Der europäische Finanzmarkt sei "zu fragmentiert und nicht attraktiv genug", sagte der ehemalige italienische Regierungschef Enrico Letta. In Brüssel stellte er einen Bericht zur Wettbewerbsfähigkeit der EU vor, den er im Auftrag der Mitgliedstaaten erarbeitet hatte.
Entsprechende Reformvorhaben sollen in einer gemeinsamen Gipfel-Erklärung der Mitgliedstaaten umrissen werden. Ein erster Entwurf von Michel sorgte seitens mehrerer kleinerer Staaten allerdings auch für Kritik. Estlands Regierungschefin Kaja Kallas und ihr irischer Amtskollege Simon Harris etwa sprachen sich gegen eine Anpassung der Steuersysteme aus.

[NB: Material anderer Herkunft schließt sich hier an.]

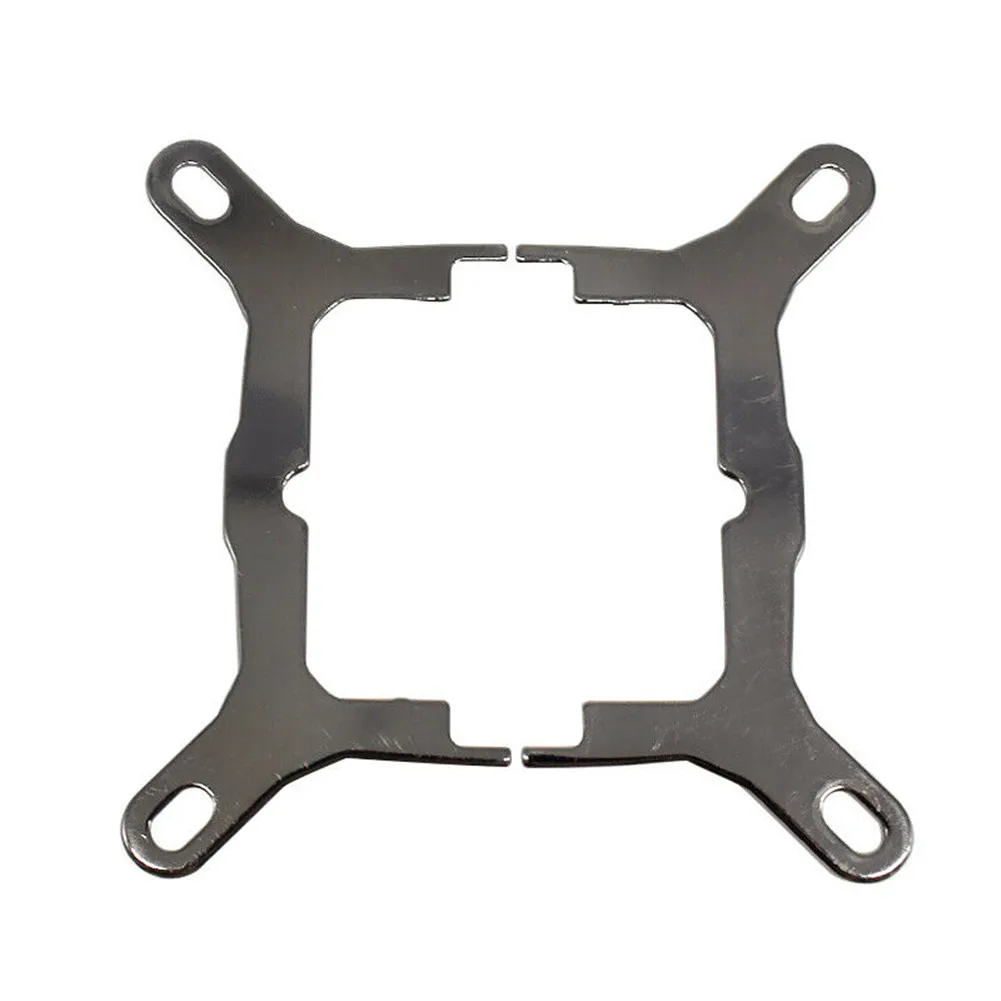 Soporte de montaje para Corsair 2018 H60/H100i/H115i/H100x RGB Platinum para Intel, Kit de soporte de montaje de refrigeración de Metal de alta calidad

"Als kleines Land haben wir nicht viele Wettbewerbsvorteile", erklärte Kallas. Dazu gehöre ein "sehr kompetitives Steuersystem", das die EU Estland nicht "wegnehmen" dürfe. Es gebe "breite Bedenken" gegen eine Vereinheitlichung des Steuerrechts für Unternehmen, betonte auch Irlands Regierungschef Harris.
Die Finanzmarktreform soll für größere private und öffentliche Investitionen in der EU sorgen. Bislang gelten in den 27 EU-Ländern unterschiedliche Regeln für die Besteuerung und das Insolvenzrecht von Unternehmen. Investitionen über Grenzen hinweg sind deshalb häufig kompliziert.

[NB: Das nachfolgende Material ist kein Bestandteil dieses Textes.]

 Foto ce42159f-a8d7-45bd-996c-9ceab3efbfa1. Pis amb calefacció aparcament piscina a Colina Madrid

Die kleineren EU-Staaten befürchten dadurch auch noch umfangreichere staatliche Hilfen für Unternehmen in großen Ländern wie Deutschland und Frankreich. "Das Rennen um Subventionen, in dem Staaten Subventionen zahlen und wir miteinander konkurrieren, ist schädlich für die Wettbewerbsfähigkeit", sagte Kallas.
Umstritten ist auch eine Zentralisierung der Überwachung der Finanzmärkte bei der europäischen Aufsichtsbehörde ESMA mit Sitz in Paris, wie sie Frankreich vorschlägt. Staaten wie Luxemburg sind dagegen: "Wir müssen vermeiden, dass wir alles überbürokratisieren, überregulieren und auch überzentralisieren", sagte Luxemburgs Regierungschef Luc Frieden. "Nicht alles, was im Vorschlag der Schlussfolgerung steht, findet unsere Zustimmung."

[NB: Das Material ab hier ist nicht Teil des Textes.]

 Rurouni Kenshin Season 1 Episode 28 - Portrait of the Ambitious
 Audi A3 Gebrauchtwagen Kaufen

Neben dem Finanzmarkt plädiert Letta in seinem Bericht vor allem für einheitliche Regeln im Energie- und Telekommunikationssektor. Auf diesen Märkten gebe es "seit Jahren" Hindernisse für Unternehmen. "Wir haben keine Zeit zu verschwenden", warnte der Italiener mit Blick auf den Wettbewerb mit den USA und China.
Im vergangenen Jahr wuchs die Wirtschaft in der EU nur leicht um 0,5 Prozent, in den USA waren es 2,5 Prozent. Die EU fürchtet vor allem, bei Technologien wie Wind- und Solarenergie, Batterien, Halbleitern und Künstlicher Intelligenz abgehängt zu werden.